9. - Con il nono motivo viene dedotta la violazione e falsa applicazione, ex articolo 360 numero 3 c.p.c., della legge numero 335/95, articolo 3 comma 20, in correlazione con: gli articoli 2697 c.c., decreto legislativo numero 276/2003, art. 102 c.p.c., art. 2943 comma 3 c.c., art. 24 Costituzione. Necessità di redazione di appositi verbali da notificare sia ai soggetti asseritamente violatori di norme imperative in materia di somministrazione di lavoro. Rivenienza di differenziali contributivi da operazioni (ri)qualificatorie di rapporti di lavoro e di attribuzione della relativa titolarità in capo soggetti diversi da quelli formali. Preclusione artificiosa ed iniqua dell'accesso alla prova del pagamento del debito da parte del terzo (cooperativa il Picchio Lavoratore ed altri). Mancata integrazione del contraddittorio. Violazione del principio in materia assolutoria del ne bis in idem. Violazione del principio costituzionale del diritto alla difesa violazione del principio di prossimità della prova. Violazione del principio di parità delle armi del processo civile nonché: omessa insufficiente contraddittoria motivazione circa un fatto controverso decisivo per il giudizio con riferimento all'articolo 360 numero 5 c.p.c.
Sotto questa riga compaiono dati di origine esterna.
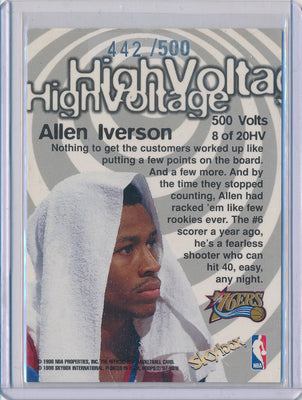 SkyBox 1997-1998 Hoops High Voltage #8/20HV Allen Iverson 442/500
A contenuto della doglianza il ricorrente ha dedotto la violazione del contraddittorio per non essere stata accolta la propria istanza di integrazione con la società cooperativa il P.L. a r.l.; e che con ogni probabilità i due soggetti protagonisti della controversia avessero pagato due volte la stessa partita, senza essersi mai visti notificare alcun verbale ai sensi dell'art. 3, comma 20 della I. 335/1995.

Il motivo è inammissibile posto che il ricorrente deduce una pluralità di questioni di merito che risultano contraddistinte da assoluta novità rispetto a quanto emerge dalla sentenza impugnata e che pertanto non sono deducibili per la prima nel ricorso per cassazione. Inoltre, quanto alla questione di nullità insanabile della cartella per omessa notifica del verbale di accertamento, la stessa doglianza era stata disattesa nella sentenza impugnata perché ritenuta assorbita per tardiva notifica dell'opposizione; e la medesima statuizione non risulta oggetto di uno specifico motivo di censura.

10. In conclusione, la sentenza impugnata si sottrae alle censure esposte nei motivi di ricorso il quale va pertanto rigettato. Le spese del giudizio seguono la soccombenza come da dispositivo.

 

P.Q.M.

 

Rigetta il ricorso e condanna la ricorrente al pagamento delle spese processuali liquidate in complessive € 7200 di cui € 7000 per compensi professionali, oltre al 15% di spese generali ed accessori di legge.